As someone who has been a long-time proponent of data, it is intriguing to see the number of new start-ups that have revenue models based partially – sometime entirely – on the sale of data, even though they are not data publishers in the conventional sense. Rather, they are seeking to monetize data they are collecting incidentally in the course of other activities.

A fashion website or app, for example, might realize that by tracking what new fashions its users viewed the most, they were collecting valuable intelligence that could be sold to fashion manufacturers. The early players in this area usually did, in fact, have valuable and readily saleable data collections and they had in fact identified an important new revenue stream.

But now “data” is transforming into a buzz-term, up there with “the cloud” and “social.” Purported data opportunities are being used to mask weak business models because everyone these days knows “it’s all about the data.” Just as start-ups these days feel compelled to be in the cloud and have a strong social component, so too do they now need a data opportunity.

Not every new business can create value from the incidental data it generates. Those that do represent the exception, not the rule.  Here are a few reasons why these data opportunities may not be as strong as the entrepreneurs behind them would like to believe:

1. You generate too little data. While everyone talks about quality data, there is still a quantity aspect as well. Even for things as valuable as sales leads, most companies will turn up their noses at them if you can’t deliver a certain volume of leads regularly and dependably. Depending on the data itch you’re trying to scratch, 100,000 or even a million users may not cut it.

2. You generate too much data. Having the most data about something can be as much a burden as an opportunity. Think Twitter. Everyone “knows” that the huge collective stream of consciousness that its  users generate is enormously valuable, but extracting that value is very complex and expensive, and much of the final output still represents conjecture and surmise.

3. You don’t really know much about the data you’ve got. I’ve been in numerous meetings where the issue on the table was, “we’ve got tons of data, but we’re not sure how to monetize it.” This situation naturally calls for advanced TAPITS (There’s A Pony in There Somewhere) analysis to assess value. More times than not, the chosen solution is simply to sell the raw data and hope that the buyer can find value. Of course, when you sell data by the ton, you have to charge for it by the ton too. It’s just not that valuable if the buyer needs to do all the thinking and all the work.

4. A sample of none. Online businesses want lots of traffic and lots of users, the more the merrier. This is good for business generally, but not necessarily great from a data perspective. If your user base is too disparate, the aggregate insights from the data they generate may not be all that valuable. And if your user base is largely anonymous, good luck with that.

5. Buy me a drink first. Many times, an online company is in possession of extremely detailed and valuable data. Unfortunately, this typically means that these data can only be had by violating the trust if not the privacy of the user. It’s even more complicated if the company built its business with a strong privacy policy that prohibits it from ever selling all this valuable information.

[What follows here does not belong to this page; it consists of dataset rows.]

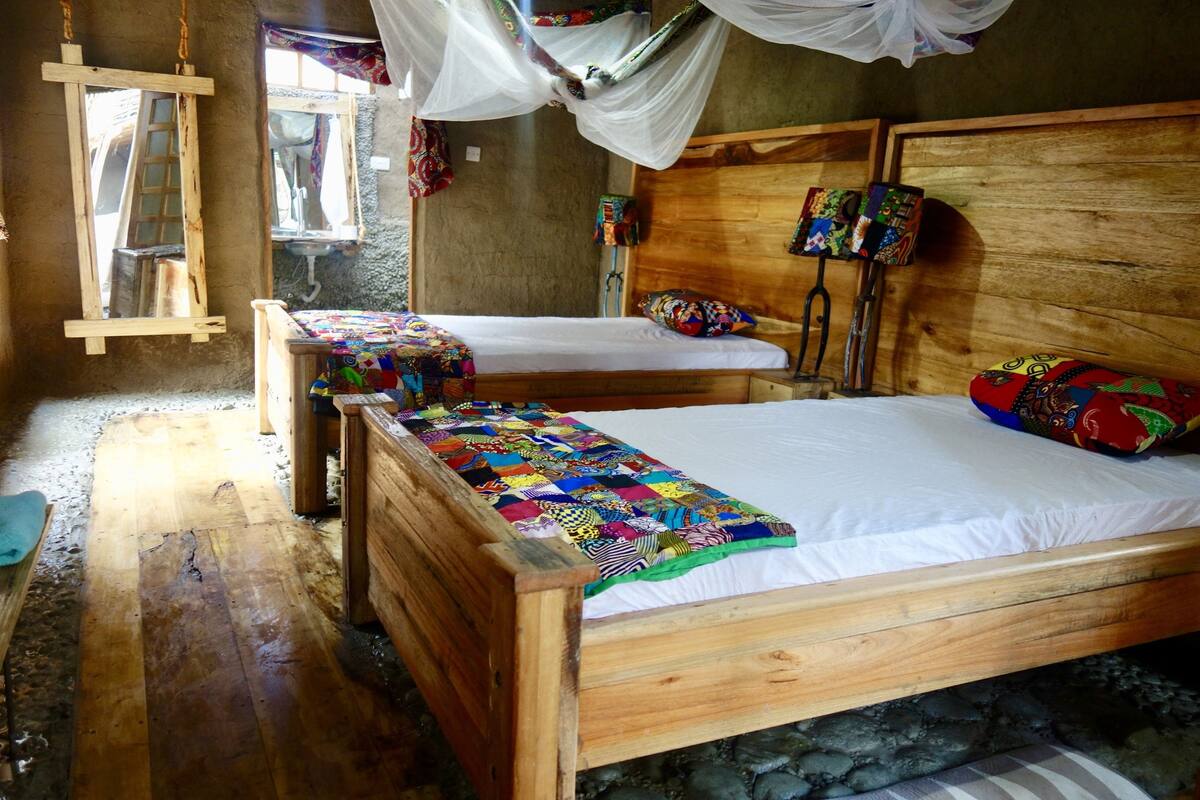 Ein hölzernes Bett mit einer farbenfrohen Stegdecke, eine Holzbank, ein Spiegel und ein Moskitonetz.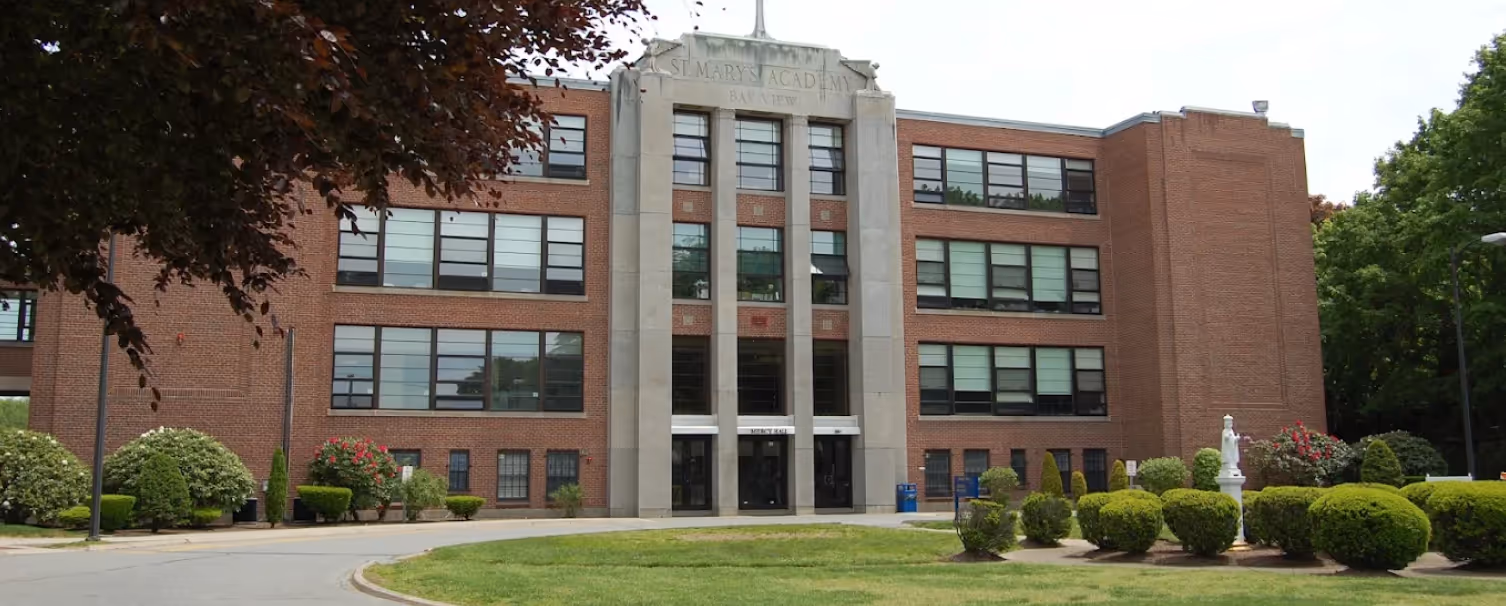 Front view of St. Mary’s Academy Bay View building with brick facade, large windows, and a lawn with trimmed bushes and a statue.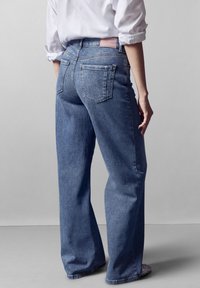 Jeans anchos de mezclilla de color azul claro con bolsillos traseros y una etiqueta rosa en la cintura. Textura suave y ajuste relajado.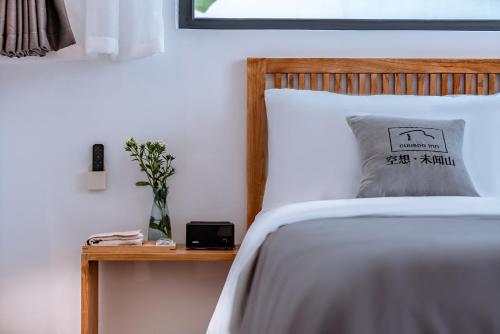 a bedroom with a bed and a table with a pillow at Dali Kong Xiang Weiwenshan Craft hotel in Dali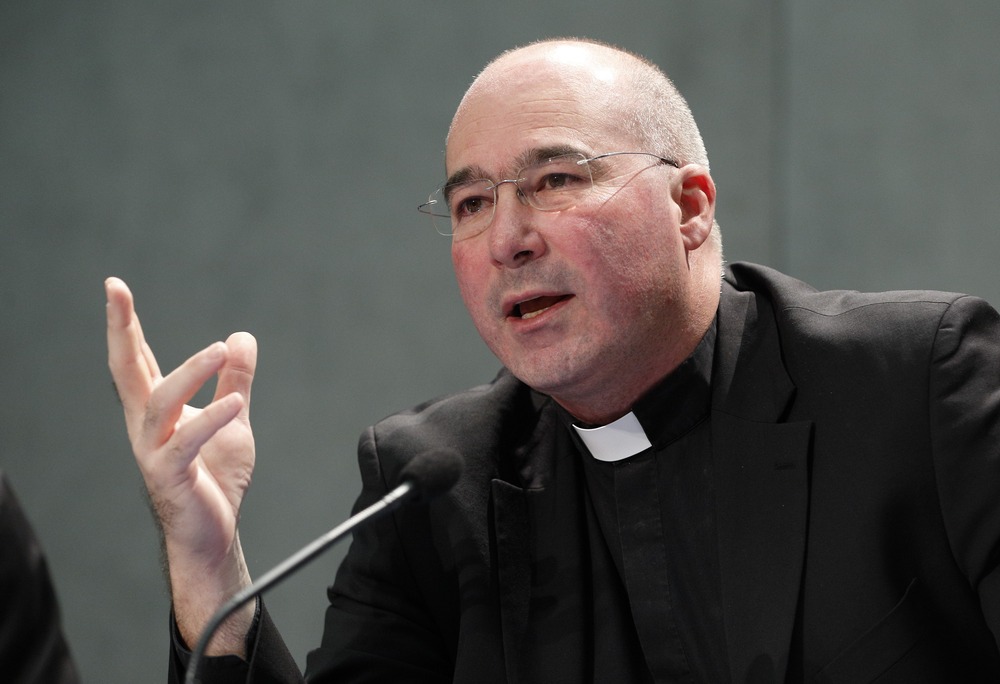 Msgr. Massimo Palombella, 2017. The priest wears black clerics and speaks and gestures into microphone.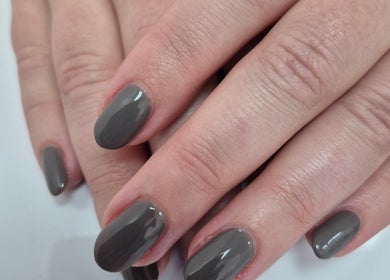 Elegant gray manicure at Ju'sbeauty in Newcastle upon Tyne, England, GB. Perfectly polished nails.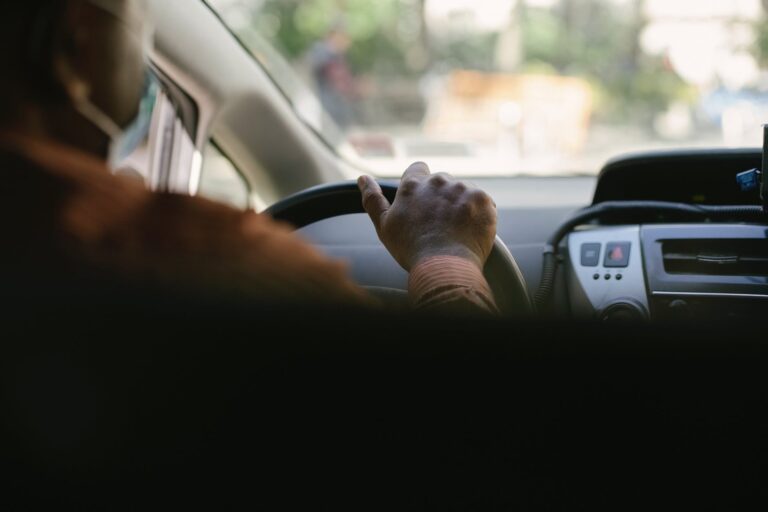 crop ethnic man driving vehicle in town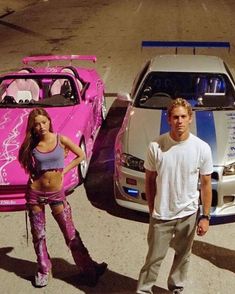 a man and woman standing next to two cars with pink paint on the hoods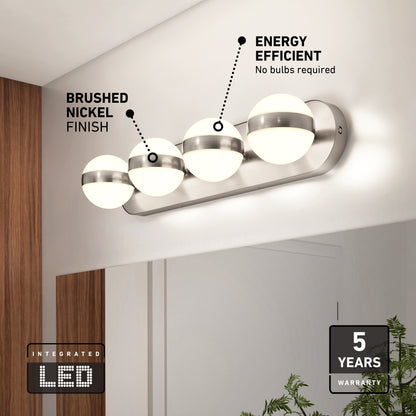 A modern brushed nickel light fixture with three globe LED lights is mounted above a bathroom mirror. Text highlights its energy efficiency and 5-year warranty. Some green plants are visible at the bottom right.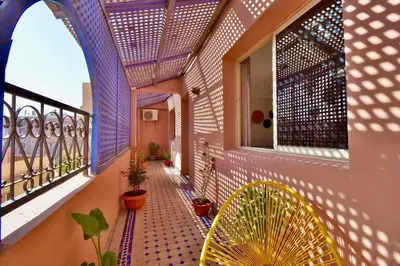 a balcony with a purple wall and potted plants at Appartement Les Huit Palmiers in Marrakech
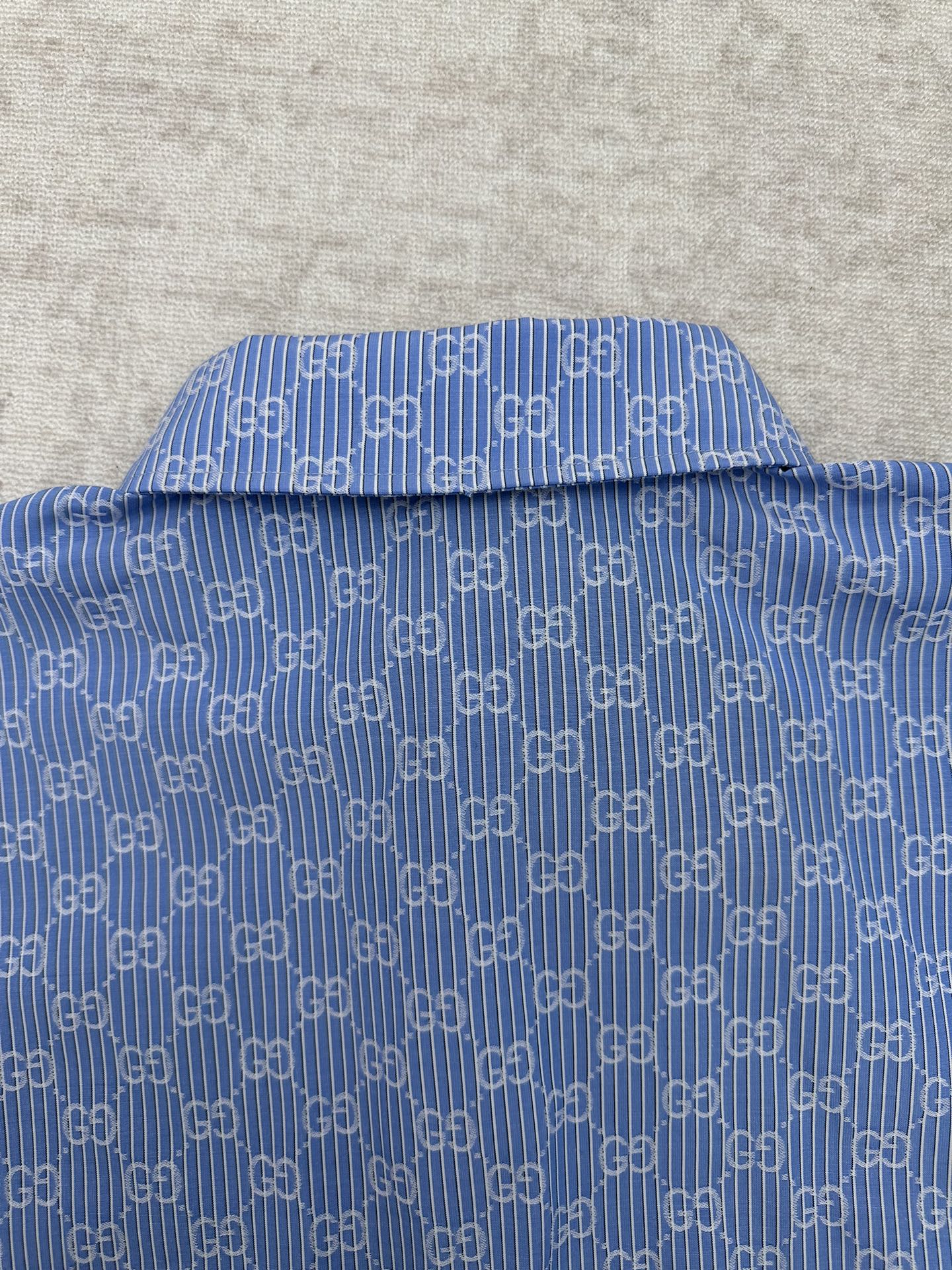 Blue Gucci shirt neckline with GG monogram pattern and button placket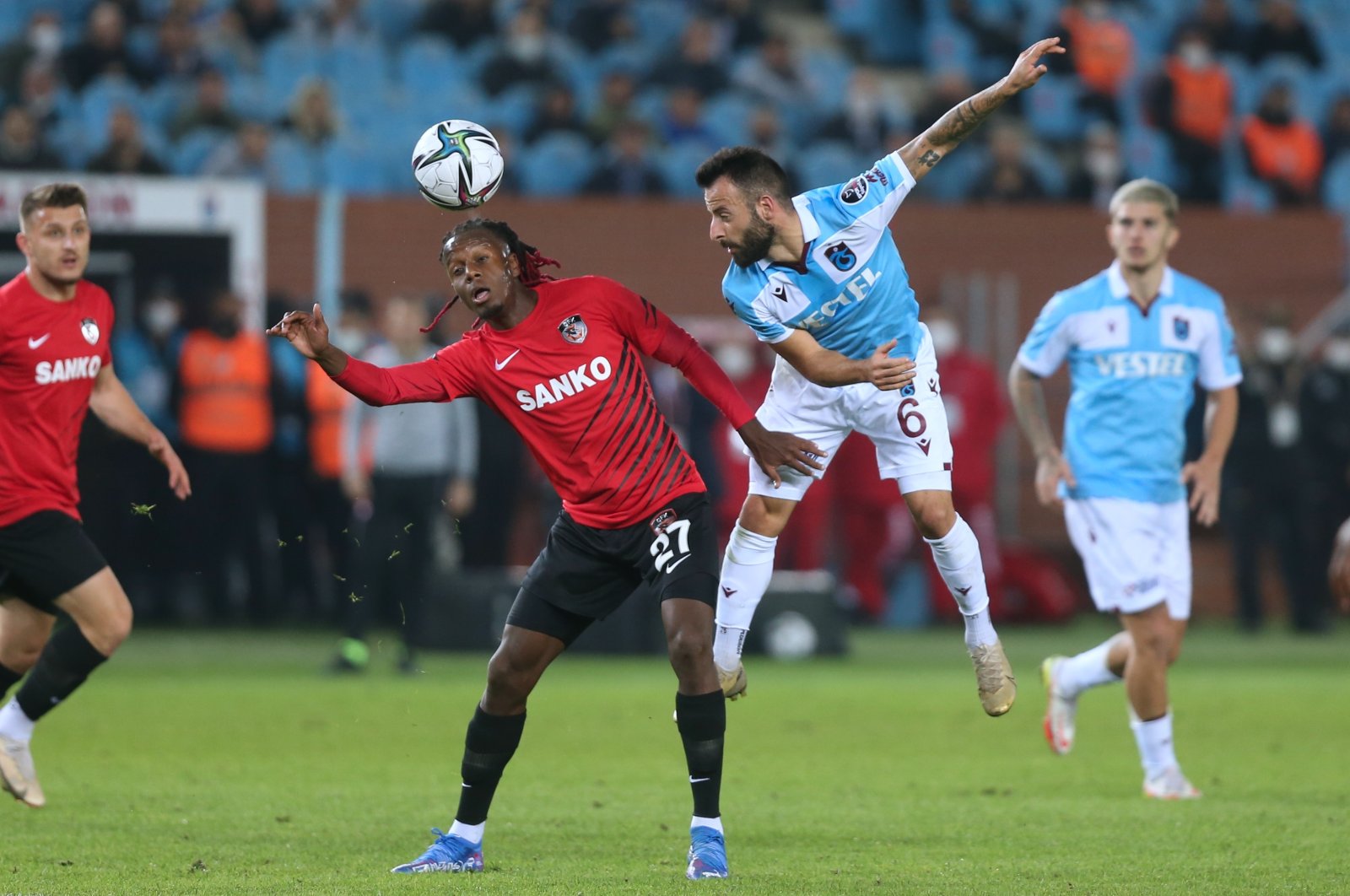Trabzonspor&#039;s Siopis (R) in action with Gaziantep FK&#039;s Hamza Mendyl during the Turkish Süper Lig 13th week match at the Medical Park Stadium in Trabzon, Turkey, Nov. 22, 2021 (AA Photo)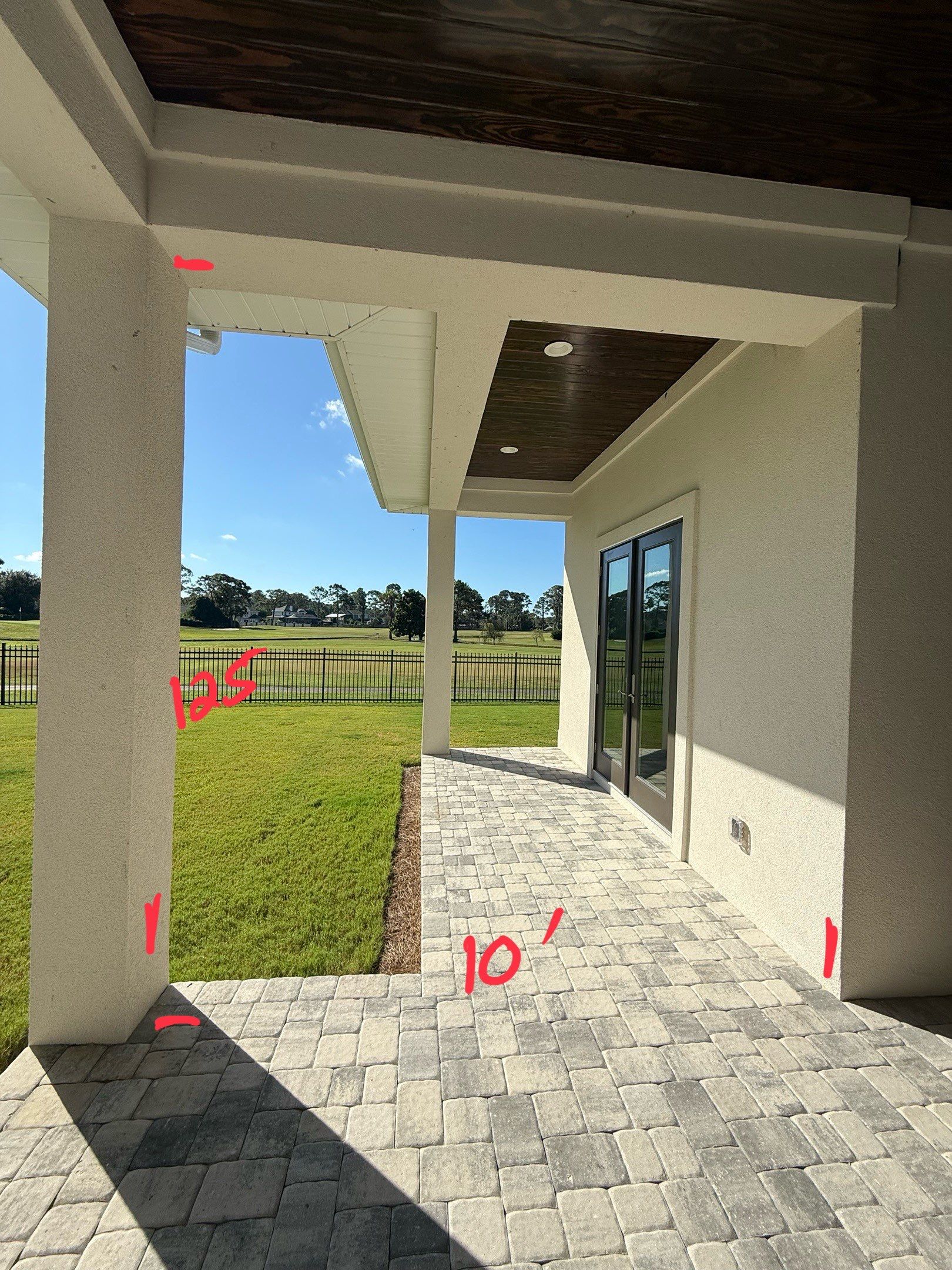 Motorized Screen and Solar Shade Installation in Panama City Beach by Brannan Aluminum Inc.
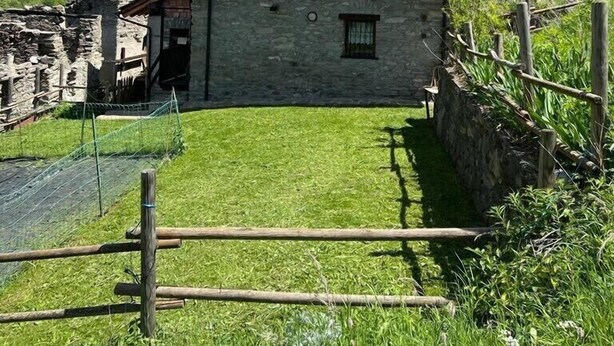 A stone house with a sloped roof, a small front porch, and a fenced yard. - Mont Blanc, Amazing View From Private Terrace (Cogne)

6.  Exclusive insights. These days, if you said you have “near-real-time insight into bus station storage locker utilization rates” it will be automatically assumed that you've tapped a huge data opportunity. Every bus station certainly needs this information, bus lines probably have a use for it, there’s probably a government market, some hedge funds will want it and there might even be a consumer opportunity as well – think of an app that shows you available storage lockers nationwide! But in reality, every market is not a viable data market. The market might be too small, marginally profitable, too localized or too consolidated. It is absolutely possible to have data that nobody cares about or that too few people care about to create a meaningful revenue stream.

7. Competition. Your data may indeed be valuable, but chances are, you don’t have the full picture. This means your data is less valuable than a company that can supply the full picture. That means the market for your data may be the one company that knows more about the market than you do. Yes, there’s revenue to be had in this case, but you won’t get rich.

8. Raw data follies. Typically, companies trying to sell the data they collect incidentally want to sell the data, get the money, and get back to their core business activities. But if you don’t clean and organize your data, you’re leaving lots of money on the table. And if you decided to get serious about your data, you’re moving into a different business, one you probably don’t understand very well.

I could keep going, but hopefully you get the point: the chances that the incidental data you generate from some other business activities are valuable is pretty low. And even if you have valuable data, getting maximum value from it generally demands getting a lot more serious about your data, which starts to move you into a totally different business.